◆ **PROBLEM TO WORK ON**:
Could you output the entries that follow exactly, omitting any pictures they contain?

◆ **RECORDS SHOWN**:

+===+

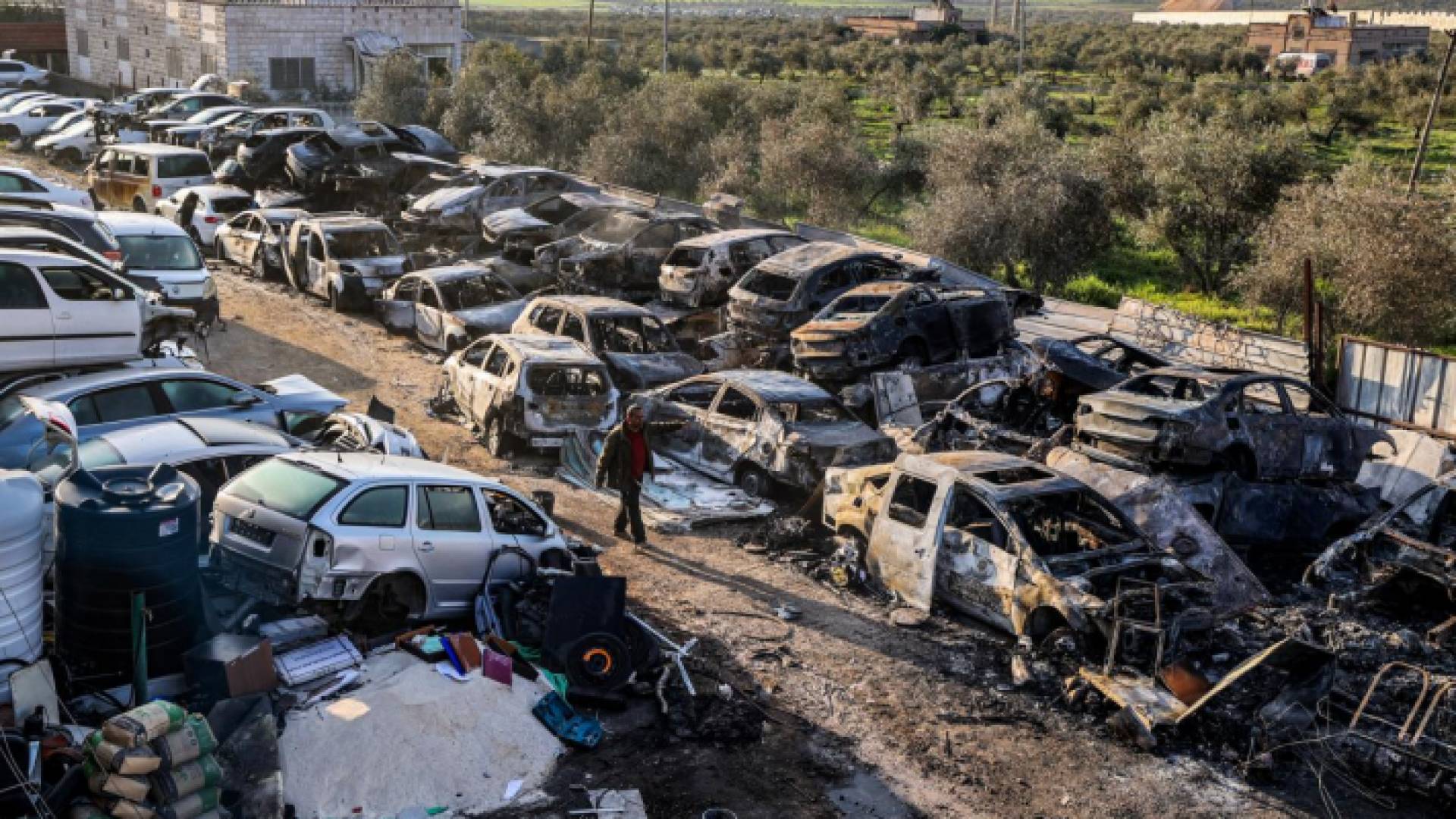 حريق كراج مركبات في بلدة حوارة في نابلس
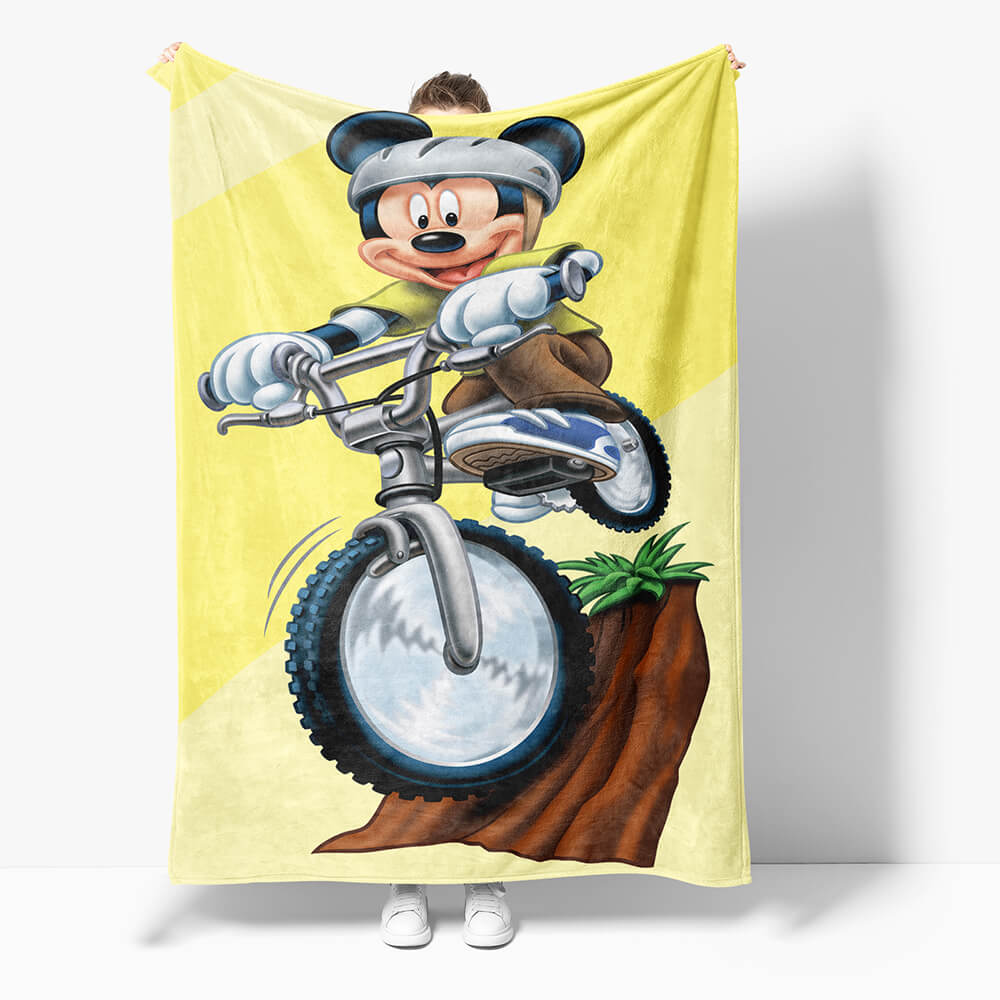 Mickey Mouse Minnie Mouse Flannel Fleece Throw Cosplay Blanket Set (Online Order Only)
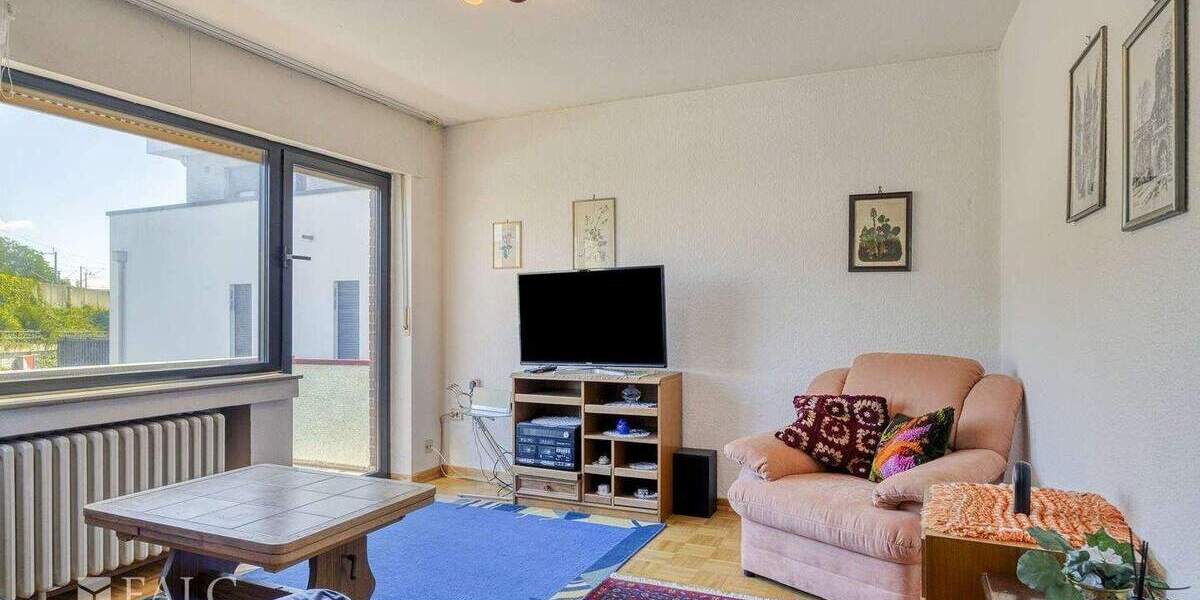 Reihenendhaus Köln Weiden - 5 Zimmer, 124 m&sup2;, 599.000&euro; | Angebot:23047571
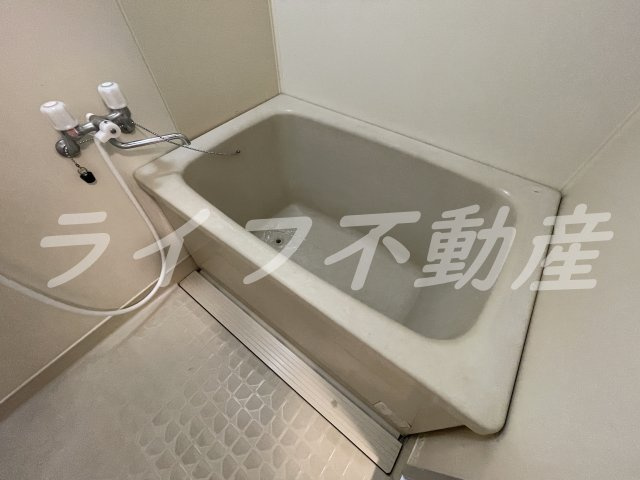 エトワールハイム川本の浴室|きれいなお風呂です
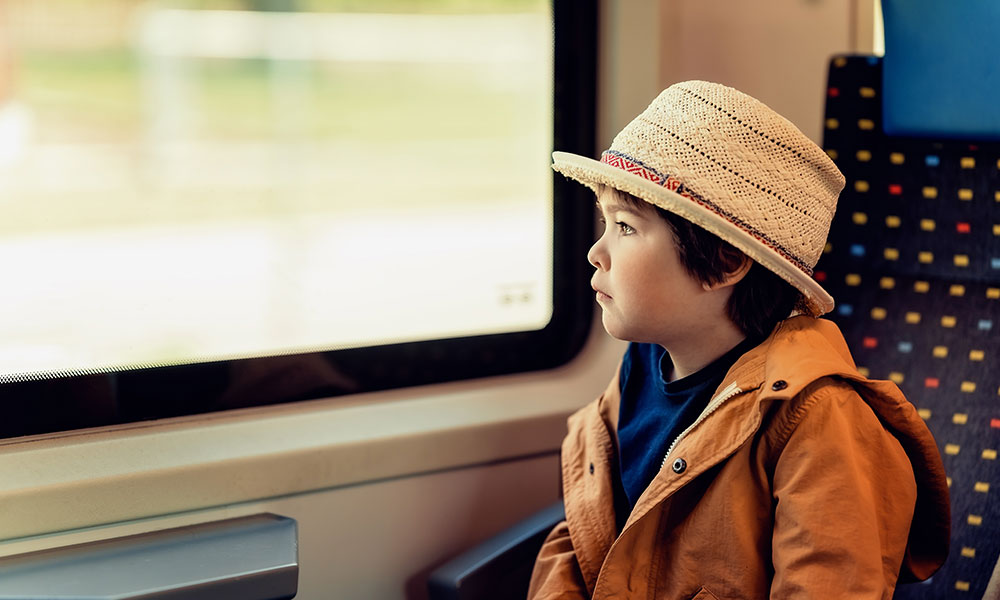 un menor puede viajar solo en autobus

+===+

◆ **REPLY TO THE EXERCISE**:
 حريق كراج مركبات في بلدة حوارة في نابلس
 Mickey Mouse Minnie Mouse Flannel Fleece Throw Cosplay Blanket Set (Online Order Only)
 Reihenendhaus Köln Weiden - 5 Zimmer, 124 m&sup2;, 599.000&euro; | Angebot:23047571
 エトワールハイム川本の浴室|きれいなお風呂です
 un menor puede viajar solo en autobus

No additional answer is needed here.